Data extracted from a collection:
-- -- --

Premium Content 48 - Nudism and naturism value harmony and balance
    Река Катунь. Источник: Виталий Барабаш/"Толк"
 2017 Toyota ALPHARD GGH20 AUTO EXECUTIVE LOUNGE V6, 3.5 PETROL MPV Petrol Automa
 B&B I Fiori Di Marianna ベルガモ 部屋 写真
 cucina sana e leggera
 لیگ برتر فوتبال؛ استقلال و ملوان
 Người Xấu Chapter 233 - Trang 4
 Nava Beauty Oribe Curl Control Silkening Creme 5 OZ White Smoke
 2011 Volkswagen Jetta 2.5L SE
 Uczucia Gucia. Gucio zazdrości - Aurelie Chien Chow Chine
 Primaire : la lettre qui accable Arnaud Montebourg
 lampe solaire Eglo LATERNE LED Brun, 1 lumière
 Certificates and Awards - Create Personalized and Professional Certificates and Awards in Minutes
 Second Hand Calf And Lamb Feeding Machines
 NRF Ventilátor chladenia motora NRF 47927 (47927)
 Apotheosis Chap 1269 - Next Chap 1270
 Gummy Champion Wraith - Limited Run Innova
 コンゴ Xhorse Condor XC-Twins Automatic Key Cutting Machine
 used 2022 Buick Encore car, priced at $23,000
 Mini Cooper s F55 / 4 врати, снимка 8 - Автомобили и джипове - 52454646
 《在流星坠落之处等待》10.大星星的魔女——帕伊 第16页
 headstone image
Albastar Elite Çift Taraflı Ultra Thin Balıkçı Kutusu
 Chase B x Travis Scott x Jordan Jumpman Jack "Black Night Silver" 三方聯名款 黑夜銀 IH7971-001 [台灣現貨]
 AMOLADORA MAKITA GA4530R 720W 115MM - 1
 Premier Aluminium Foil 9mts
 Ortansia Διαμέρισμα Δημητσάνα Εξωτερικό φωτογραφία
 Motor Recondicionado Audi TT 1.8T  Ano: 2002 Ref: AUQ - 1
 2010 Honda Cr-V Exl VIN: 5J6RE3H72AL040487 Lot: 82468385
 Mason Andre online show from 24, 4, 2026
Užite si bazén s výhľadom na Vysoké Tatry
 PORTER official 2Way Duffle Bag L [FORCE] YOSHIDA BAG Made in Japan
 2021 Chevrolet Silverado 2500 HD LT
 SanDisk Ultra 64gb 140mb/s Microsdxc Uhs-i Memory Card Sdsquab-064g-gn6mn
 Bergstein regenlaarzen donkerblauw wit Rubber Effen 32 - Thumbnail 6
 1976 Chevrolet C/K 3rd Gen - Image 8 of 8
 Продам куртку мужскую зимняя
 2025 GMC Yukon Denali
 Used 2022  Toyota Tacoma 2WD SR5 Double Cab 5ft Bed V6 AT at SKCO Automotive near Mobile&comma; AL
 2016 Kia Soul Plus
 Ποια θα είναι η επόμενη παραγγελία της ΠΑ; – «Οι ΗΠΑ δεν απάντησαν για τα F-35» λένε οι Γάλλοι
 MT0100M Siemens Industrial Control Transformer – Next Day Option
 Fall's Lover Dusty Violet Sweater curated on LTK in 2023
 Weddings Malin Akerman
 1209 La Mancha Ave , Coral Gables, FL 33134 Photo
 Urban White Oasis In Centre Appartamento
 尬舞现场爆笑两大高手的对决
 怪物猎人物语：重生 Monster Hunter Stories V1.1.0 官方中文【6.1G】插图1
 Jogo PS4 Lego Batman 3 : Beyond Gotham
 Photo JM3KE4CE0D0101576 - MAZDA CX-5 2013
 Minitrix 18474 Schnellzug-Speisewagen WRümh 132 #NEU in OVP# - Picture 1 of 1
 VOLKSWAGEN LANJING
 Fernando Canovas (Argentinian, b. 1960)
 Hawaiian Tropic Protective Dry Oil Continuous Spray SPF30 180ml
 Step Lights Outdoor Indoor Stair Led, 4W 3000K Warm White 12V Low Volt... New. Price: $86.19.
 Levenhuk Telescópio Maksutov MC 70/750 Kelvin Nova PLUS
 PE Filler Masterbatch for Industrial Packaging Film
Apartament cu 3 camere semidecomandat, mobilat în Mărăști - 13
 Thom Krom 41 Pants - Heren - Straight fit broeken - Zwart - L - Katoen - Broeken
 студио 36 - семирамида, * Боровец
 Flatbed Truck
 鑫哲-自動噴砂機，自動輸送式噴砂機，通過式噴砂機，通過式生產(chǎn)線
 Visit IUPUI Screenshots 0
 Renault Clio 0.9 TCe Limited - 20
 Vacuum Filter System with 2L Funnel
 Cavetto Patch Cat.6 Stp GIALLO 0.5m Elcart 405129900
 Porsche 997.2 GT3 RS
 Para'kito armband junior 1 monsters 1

-- -- --

What you have to do: So that nothing differs from the original, transcribe all of the records above.

Result of this exercise:
Premium Content 48 - Nudism and naturism value harmony and balance
    Река Катунь. Источник: Виталий Барабаш/"Толк"
 2017 Toyota ALPHARD GGH20 AUTO EXECUTIVE LOUNGE V6, 3.5 PETROL MPV Petrol Automa
 B&B I Fiori Di Marianna ベルガモ 部屋 写真
 cucina sana e leggera
 لیگ برتر فوتبال؛ استقلال و ملوان
 Người Xấu Chapter 233 - Trang 4
 Nava Beauty Oribe Curl Control Silkening Creme 5 OZ White Smoke
 2011 Volkswagen Jetta 2.5L SE
 Uczucia Gucia. Gucio zazdrości - Aurelie Chien Chow Chine
 Primaire : la lettre qui accable Arnaud Montebourg
 lampe solaire Eglo LATERNE LED Brun, 1 lumière
 Certificates and Awards - Create Personalized and Professional Certificates and Awards in Minutes
 Second Hand Calf And Lamb Feeding Machines
 NRF Ventilátor chladenia motora NRF 47927 (47927)
 Apotheosis Chap 1269 - Next Chap 1270
 Gummy Champion Wraith - Limited Run Innova
 コンゴ Xhorse Condor XC-Twins Automatic Key Cutting Machine
 used 2022 Buick Encore car, priced at $23,000
 Mini Cooper s F55 / 4 врати, снимка 8 - Автомобили и джипове - 52454646
 《在流星坠落之处等待》10.大星星的魔女——帕伊 第16页
 headstone image
Albastar Elite Çift Taraflı Ultra Thin Balıkçı Kutusu
 Chase B x Travis Scott x Jordan Jumpman Jack "Black Night Silver" 三方聯名款 黑夜銀 IH7971-001 [台灣現貨]
 AMOLADORA MAKITA GA4530R 720W 115MM - 1
 Premier Aluminium Foil 9mts
 Ortansia Διαμέρισμα Δημητσάνα Εξωτερικό φωτογραφία
 Motor Recondicionado Audi TT 1.8T  Ano: 2002 Ref: AUQ - 1
 2010 Honda Cr-V Exl VIN: 5J6RE3H72AL040487 Lot: 82468385
 Mason Andre online show from 24, 4, 2026
Užite si bazén s výhľadom na Vysoké Tatry
 PORTER official 2Way Duffle Bag L [FORCE] YOSHIDA BAG Made in Japan
 2021 Chevrolet Silverado 2500 HD LT
 SanDisk Ultra 64gb 140mb/s Microsdxc Uhs-i Memory Card Sdsquab-064g-gn6mn
 Bergstein regenlaarzen donkerblauw wit Rubber Effen 32 - Thumbnail 6
 1976 Chevrolet C/K 3rd Gen - Image 8 of 8
 Продам куртку мужскую зимняя
 2025 GMC Yukon Denali
 Used 2022  Toyota Tacoma 2WD SR5 Double Cab 5ft Bed V6 AT at SKCO Automotive near Mobile&comma; AL
 2016 Kia Soul Plus
 Ποια θα είναι η επόμενη παραγγελία της ΠΑ; – «Οι ΗΠΑ δεν απάντησαν για τα F-35» λένε οι Γάλλοι
 MT0100M Siemens Industrial Control Transformer – Next Day Option
 Fall's Lover Dusty Violet Sweater curated on LTK in 2023
 Weddings Malin Akerman
 1209 La Mancha Ave , Coral Gables, FL 33134 Photo
 Urban White Oasis In Centre Appartamento
 尬舞现场爆笑两大高手的对决
 怪物猎人物语：重生 Monster Hunter Stories V1.1.0 官方中文【6.1G】插图1
 Jogo PS4 Lego Batman 3 : Beyond Gotham
 Photo JM3KE4CE0D0101576 - MAZDA CX-5 2013
 Minitrix 18474 Schnellzug-Speisewagen WRümh 132 #NEU in OVP# - Picture 1 of 1
 VOLKSWAGEN LANJING
 Fernando Canovas (Argentinian, b. 1960)
 Hawaiian Tropic Protective Dry Oil Continuous Spray SPF30 180ml
 Step Lights Outdoor Indoor Stair Led, 4W 3000K Warm White 12V Low Volt... New. Price: $86.19.
 Levenhuk Telescópio Maksutov MC 70/750 Kelvin Nova PLUS
 PE Filler Masterbatch for Industrial Packaging Film
Apartament cu 3 camere semidecomandat, mobilat în Mărăști - 13
 Thom Krom 41 Pants - Heren - Straight fit broeken - Zwart - L - Katoen - Broeken
 студио 36 - семирамида, * Боровец
 Flatbed Truck
 鑫哲-自動噴砂機，自動輸送式噴砂機，通過式噴砂機，通過式生產(chǎn)線
 Visit IUPUI Screenshots 0
 Renault Clio 0.9 TCe Limited - 20
 Vacuum Filter System with 2L Funnel
 Cavetto Patch Cat.6 Stp GIALLO 0.5m Elcart 405129900
 Porsche 997.2 GT3 RS
 Para'kito armband junior 1 monsters 1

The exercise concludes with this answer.